Captioned web image data
++++++++++
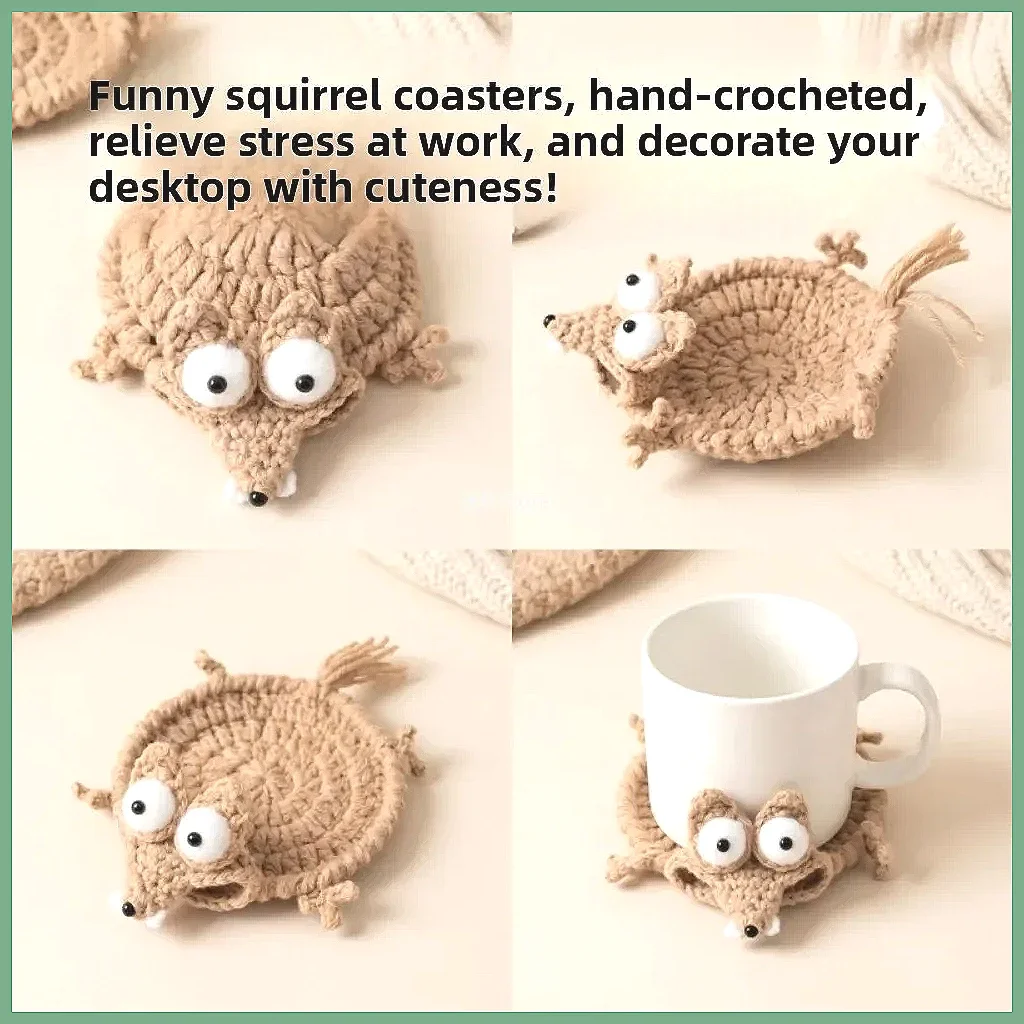 Handwoven Animal Crochet Cup Coaster, Creative Coffee Mat for Home Table Tea Decor, Cute Desk Decoration Gift, Absorbent Fini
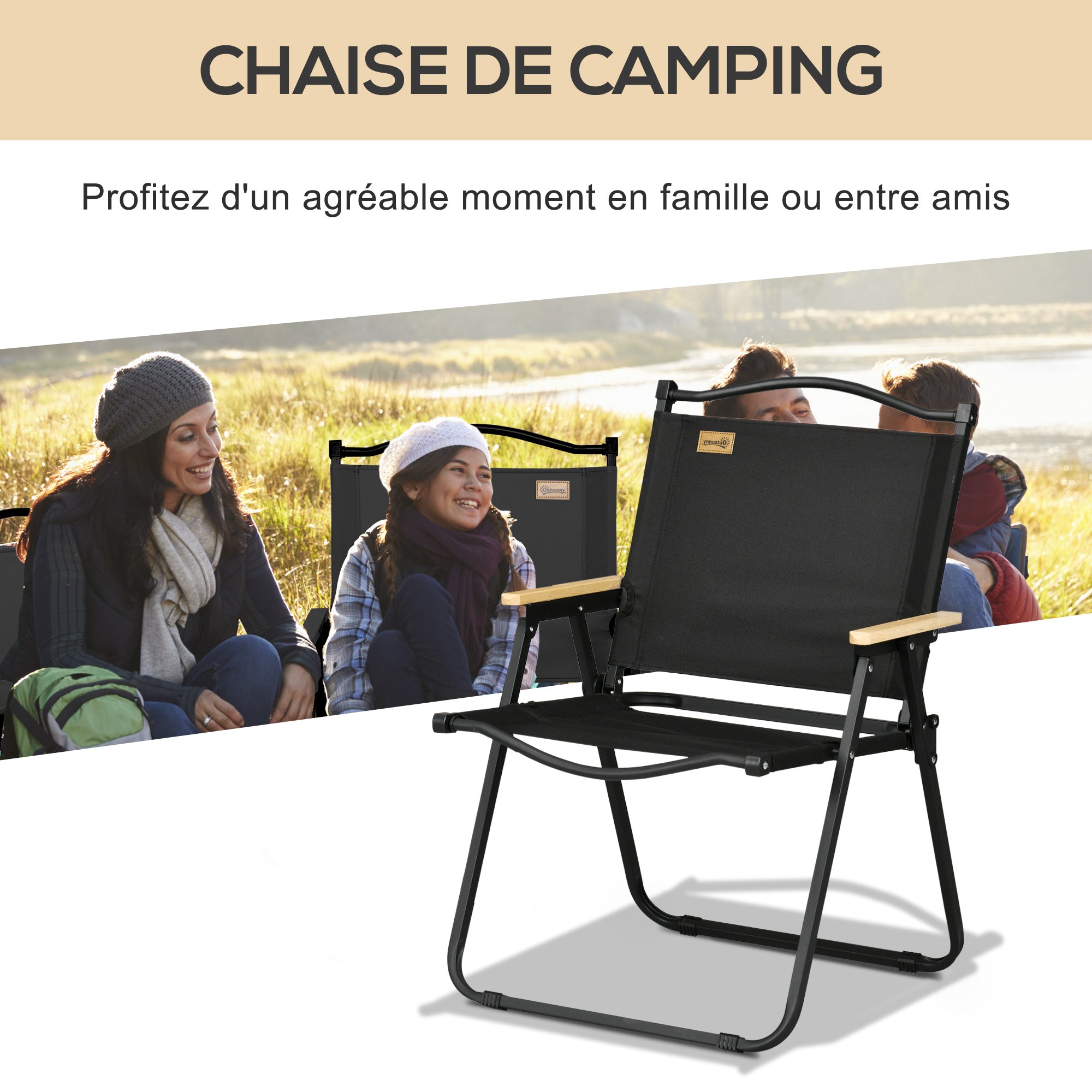 Camping Chair Folding Fishing Chair with Armrests - Oxford Fabric and Steel Frame - 54 x 59 x 78 cm - Black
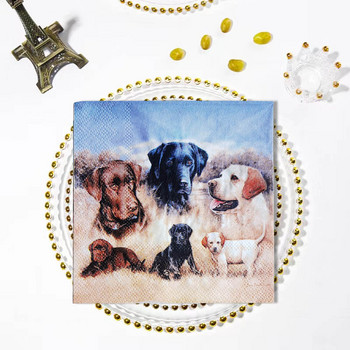 20 ΤΕΜ. Ποικιλία vintage χαρτοπετσέτες μιας χρήσης για σκύλους για ζώα Decoupage Υλικά χειροτεχνίας για έπιπλα Χαρτί χριστουγεννιάτικη διακόσμηση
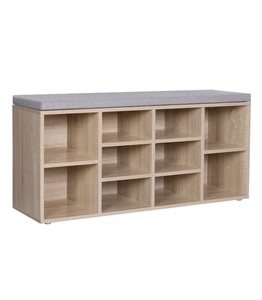 Vasagle, Vasagle - SONGMICS Schuhbank Schuhschrank mit Sitzkissen aus Holzspanplatte Flur Diele Schuhregal Bank 104 x 48 x 30 cm (B x H x T) holzfarben mit Maserung LHS10N, Vasagle Schuhregal »mit Polster, 104 x 48 cm, Nature«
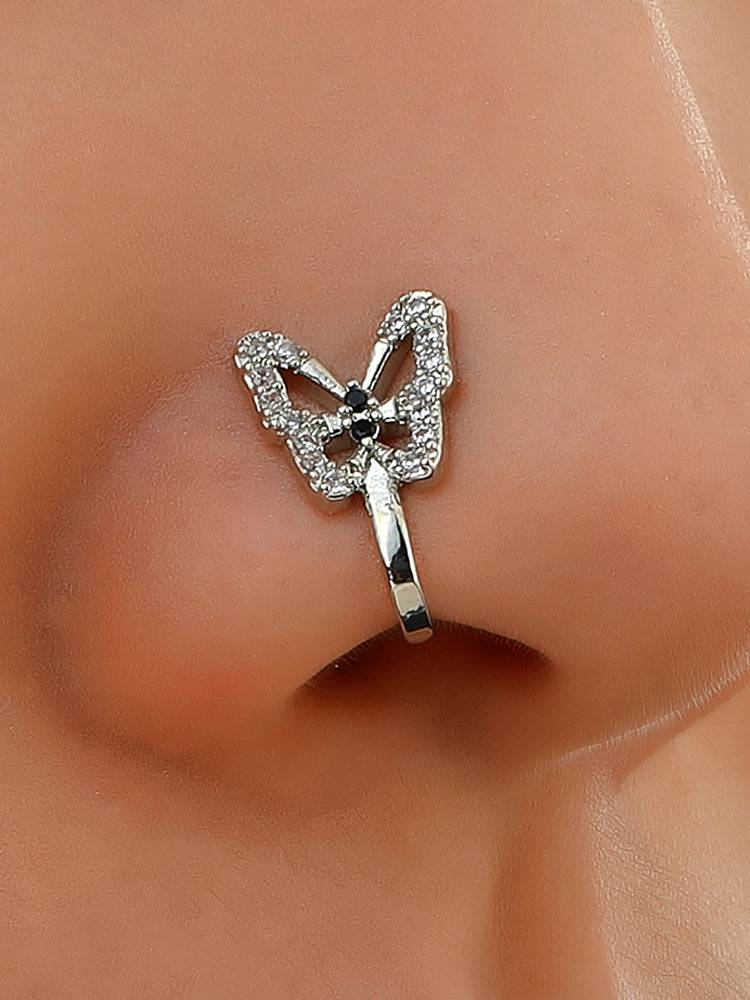 Women's U-shaped Butterfly Nose Ring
++++++++++
WHAT TO DO
Would you transcribe exactly, and only, the lines from the one containing "Camping Chair Folding" through the last line of the records above, both included, leaving out the pictures?

EXERCISE ANSWER
 Camping Chair Folding Fishing Chair with Armrests - Oxford Fabric and Steel Frame - 54 x 59 x 78 cm - Black
 20 ΤΕΜ. Ποικιλία vintage χαρτοπετσέτες μιας χρήσης για σκύλους για ζώα Decoupage Υλικά χειροτεχνίας για έπιπλα Χαρτί χριστουγεννιάτικη διακόσμηση
 Vasagle, Vasagle - SONGMICS Schuhbank Schuhschrank mit Sitzkissen aus Holzspanplatte Flur Diele Schuhregal Bank 104 x 48 x 30 cm (B x H x T) holzfarben mit Maserung LHS10N, Vasagle Schuhregal »mit Polster, 104 x 48 cm, Nature«
 Women's U-shaped Butterfly Nose Ring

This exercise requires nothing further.